If all we get for the foreseeable future are Abramsverse movies, that shift will probably continue, but that sort of...I don't know, archaeological impetus just doesn't define ST fandom the way it does DW fandom, and as a big fan of both franchises, I'd say the difference in approach seems pretty evident.
The differences between the two fandoms are interesting, and I've long wondered
why the two fandoms are so vastly different. The conclusions I've come to:
1)
Doctor Who has no Roddenberry-like figure. Yes,
Who fans can talk about different producers and different script editors, but
Star Trek is, somewhat inaccurately, seen as Roddenberry's baby, and fandom has long assigned him credit for things he had little, if any, involvement in.

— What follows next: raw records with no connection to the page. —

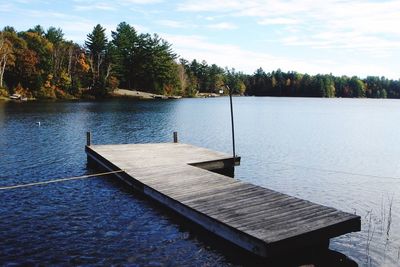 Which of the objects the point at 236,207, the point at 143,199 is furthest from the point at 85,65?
the point at 236,207

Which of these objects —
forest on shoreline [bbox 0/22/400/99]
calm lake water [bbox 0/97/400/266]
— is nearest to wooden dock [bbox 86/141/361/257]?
calm lake water [bbox 0/97/400/266]

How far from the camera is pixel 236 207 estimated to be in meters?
13.4

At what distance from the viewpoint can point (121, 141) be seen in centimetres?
3603

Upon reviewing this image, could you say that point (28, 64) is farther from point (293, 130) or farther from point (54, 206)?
point (54, 206)

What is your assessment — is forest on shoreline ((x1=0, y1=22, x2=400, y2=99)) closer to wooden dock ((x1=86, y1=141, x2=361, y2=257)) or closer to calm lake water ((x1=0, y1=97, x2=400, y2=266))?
calm lake water ((x1=0, y1=97, x2=400, y2=266))

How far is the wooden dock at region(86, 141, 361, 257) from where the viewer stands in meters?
11.0

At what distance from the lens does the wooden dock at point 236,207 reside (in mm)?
10969

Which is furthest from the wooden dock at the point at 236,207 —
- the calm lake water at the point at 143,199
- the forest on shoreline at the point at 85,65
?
the forest on shoreline at the point at 85,65

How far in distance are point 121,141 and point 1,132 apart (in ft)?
40.6

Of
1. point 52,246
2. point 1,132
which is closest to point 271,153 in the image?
point 52,246

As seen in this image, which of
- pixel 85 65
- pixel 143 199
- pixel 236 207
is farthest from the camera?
pixel 85 65

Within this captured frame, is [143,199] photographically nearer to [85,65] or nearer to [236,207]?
[236,207]

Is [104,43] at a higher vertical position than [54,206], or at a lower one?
higher

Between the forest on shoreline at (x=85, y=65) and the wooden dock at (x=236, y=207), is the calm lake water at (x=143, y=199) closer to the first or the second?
the wooden dock at (x=236, y=207) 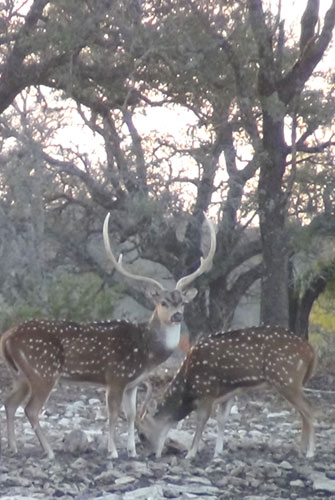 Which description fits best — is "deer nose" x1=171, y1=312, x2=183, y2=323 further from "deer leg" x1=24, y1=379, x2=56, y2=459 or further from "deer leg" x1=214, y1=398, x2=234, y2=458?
"deer leg" x1=24, y1=379, x2=56, y2=459

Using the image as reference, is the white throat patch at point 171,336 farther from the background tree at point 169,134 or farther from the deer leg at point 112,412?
the background tree at point 169,134

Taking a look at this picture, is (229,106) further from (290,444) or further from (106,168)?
(290,444)

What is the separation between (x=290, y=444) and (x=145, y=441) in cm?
161

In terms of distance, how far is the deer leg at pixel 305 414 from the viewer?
10.3 m

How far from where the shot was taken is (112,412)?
10172 millimetres

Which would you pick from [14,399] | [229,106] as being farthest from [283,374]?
[229,106]

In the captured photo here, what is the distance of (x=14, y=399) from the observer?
34.5 ft

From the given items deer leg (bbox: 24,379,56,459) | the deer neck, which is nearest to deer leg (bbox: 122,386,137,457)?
the deer neck

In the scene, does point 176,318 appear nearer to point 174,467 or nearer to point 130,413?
point 130,413

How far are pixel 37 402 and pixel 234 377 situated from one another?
1.79 metres

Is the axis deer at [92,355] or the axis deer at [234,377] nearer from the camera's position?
the axis deer at [92,355]

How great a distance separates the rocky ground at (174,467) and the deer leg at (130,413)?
0.13 meters

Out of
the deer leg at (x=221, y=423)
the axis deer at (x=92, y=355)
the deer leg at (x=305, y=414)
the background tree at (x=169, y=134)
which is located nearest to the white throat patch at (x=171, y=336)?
the axis deer at (x=92, y=355)

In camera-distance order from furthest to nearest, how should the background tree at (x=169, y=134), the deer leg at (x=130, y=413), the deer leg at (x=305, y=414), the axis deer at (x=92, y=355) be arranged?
the background tree at (x=169, y=134) < the deer leg at (x=305, y=414) < the axis deer at (x=92, y=355) < the deer leg at (x=130, y=413)
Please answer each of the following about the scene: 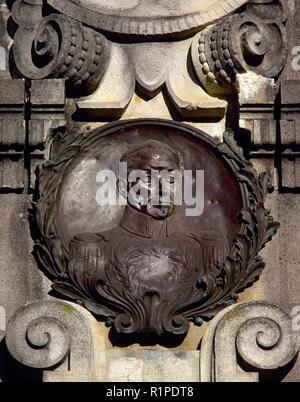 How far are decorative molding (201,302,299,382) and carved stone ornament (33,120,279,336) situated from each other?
309mm

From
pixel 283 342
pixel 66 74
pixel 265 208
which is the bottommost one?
pixel 283 342

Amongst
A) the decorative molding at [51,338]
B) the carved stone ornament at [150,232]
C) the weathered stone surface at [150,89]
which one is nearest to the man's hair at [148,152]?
the carved stone ornament at [150,232]

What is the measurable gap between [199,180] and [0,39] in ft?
6.85

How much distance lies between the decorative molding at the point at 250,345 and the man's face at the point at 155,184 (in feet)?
3.72

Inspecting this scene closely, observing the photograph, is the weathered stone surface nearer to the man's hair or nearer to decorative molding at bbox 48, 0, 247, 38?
decorative molding at bbox 48, 0, 247, 38

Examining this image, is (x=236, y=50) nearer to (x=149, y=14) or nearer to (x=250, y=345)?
(x=149, y=14)

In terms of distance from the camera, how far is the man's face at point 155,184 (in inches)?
695

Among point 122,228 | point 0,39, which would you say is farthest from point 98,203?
point 0,39

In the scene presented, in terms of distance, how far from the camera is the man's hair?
17.8 meters

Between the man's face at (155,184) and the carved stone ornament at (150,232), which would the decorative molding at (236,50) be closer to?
the carved stone ornament at (150,232)

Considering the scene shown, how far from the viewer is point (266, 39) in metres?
18.0

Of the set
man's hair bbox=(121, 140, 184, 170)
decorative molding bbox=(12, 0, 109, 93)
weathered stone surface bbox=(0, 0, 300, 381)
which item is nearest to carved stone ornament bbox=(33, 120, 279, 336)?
man's hair bbox=(121, 140, 184, 170)

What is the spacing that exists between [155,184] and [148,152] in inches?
10.8

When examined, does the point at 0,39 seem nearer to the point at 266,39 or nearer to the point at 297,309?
the point at 266,39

Who fandom recognizes the differences between the Holmes/Hinchcliffe era and the Graham Williams era and would never assign the strengths and failures of one to the other, for instance, but many
Star Trek fans are confused as to the extent of Roddenberry's involvement in the Animated Series and the films, and Roddenberry's own historical revisionism over the years muddied the waters. As an example, I just read an article about how Roddenberry insisted that the computer used in
Star Trek IV be a Macintosh
because Roddenberry owned one of the first Mac Pluses, yet the problem with that is that Roddenberry's involvement in the film was nil, and Roddenberry could insist all he wanted, but the decision was ultimately up to Nimoy and Bennett. The end result --
Who fans have tended to be more engaged with the history of their series, because their series
has a history, while
Trek fans aren't as engaged with the history of their series.
2) The keepers of the
Who flame during the Interregnums were fans, and from those keepers the creators of new
Who were drawn -- Paul Cornell, Russell T. Davies, Steven Moffatt -- which gives
Who a broader link to its past because, going back to the first point,
Who fandom is more aware of its past.
Trek doesn't have that same connection between the professionals and the fandom, the lines aren't as blurred. And until recently, the people producing
Trek have shown very little awareness for anything going on outside their boxes. The ancillary products seem to be of more value in
Who, while in
Trek there's a feeling of disposability.
2A) As a corollary... Ian Levine was never in a position to say that
Doctor Who Magazine didn't count, while Richard Arnold was empowered to be narrow-minded and fundamentalist about what counted and what didn't. The different perceptions of canon between the two fandoms has some effect on the
shape of fandom. If, as is the case in
Star Trek, you know that some things don't count officially, there's an unspoken message that it's not
important, or it can be skipped.
3)
Doctor Who fans start at an earlier age, so there's a childhood nostalgia factor attached to
Doctor Who in the minds of many fans, which
Star Trek, by and large, seems not to have. Also,
Doctor Who is a family program, while
Star Trek is ghettoized into the science-fiction genre. Thus,
Who fandom is more socially acceptable, while
Star Trek fandom is niche.
I, personally, would prefer a
Star Trek fandom that were more like
Doctor Who fandom. I wonder where
Star Trek's Lance Parkin or Paul Cornell is. Or, for that matter, where its Lawrence Miles is. We do have our Craig Hintons, though. (Mollmann, I'm looking at you.) But I also accept that
Star Trek fandom is a vastly different beast than
Who fandom. There's a lot of inertia in
Star Trek fandom, a lot of institutionalization.
Vive la difference.
^There have been plenty of Trek novels and comics filling in gaps between episodes and/or movies.
Of course there are, but
Doctor Who squeezes them in
everywhere--even taking televised stories which seem to lead directly into each other and interpreting them so that additional stories can still be shoved in between.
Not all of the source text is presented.